SUPPLIED DATA:
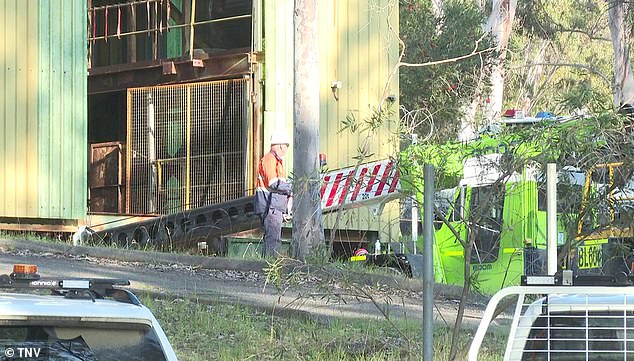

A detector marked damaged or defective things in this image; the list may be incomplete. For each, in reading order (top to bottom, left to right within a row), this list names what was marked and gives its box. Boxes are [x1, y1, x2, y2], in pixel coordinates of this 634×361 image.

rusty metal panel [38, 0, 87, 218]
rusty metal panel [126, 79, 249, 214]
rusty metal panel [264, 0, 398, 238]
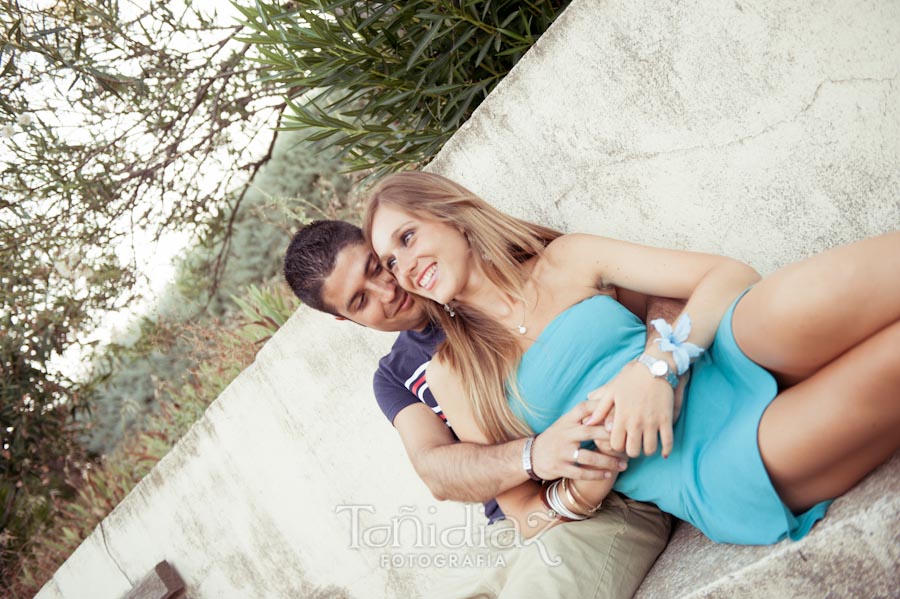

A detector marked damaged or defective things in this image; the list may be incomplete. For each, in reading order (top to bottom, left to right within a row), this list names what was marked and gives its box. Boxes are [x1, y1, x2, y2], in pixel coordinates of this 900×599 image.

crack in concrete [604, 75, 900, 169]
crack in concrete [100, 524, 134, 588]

DESCRIPTION OF THE TASK: Reproduce the whole listing above word for word, but not its pictures.

RESULT FOR THIS EXERCISE:
A detector marked damaged or defective things in this image; the list may be incomplete. For each, in reading order (top to bottom, left to right within a row), this list names what was marked and gives its box. Boxes are [x1, y1, x2, y2], in pixel coordinates of this 634×361 image.

rusty metal panel [38, 0, 87, 218]
rusty metal panel [126, 79, 249, 214]
rusty metal panel [264, 0, 398, 238]

A detector marked damaged or defective things in this image; the list may be incomplete. For each, in reading order (top to bottom, left to right within a row), this list names what was marked and gives its box. Boxes are [x1, y1, x2, y2], in pixel coordinates of this 900×599 image.

crack in concrete [604, 75, 900, 169]
crack in concrete [100, 524, 134, 588]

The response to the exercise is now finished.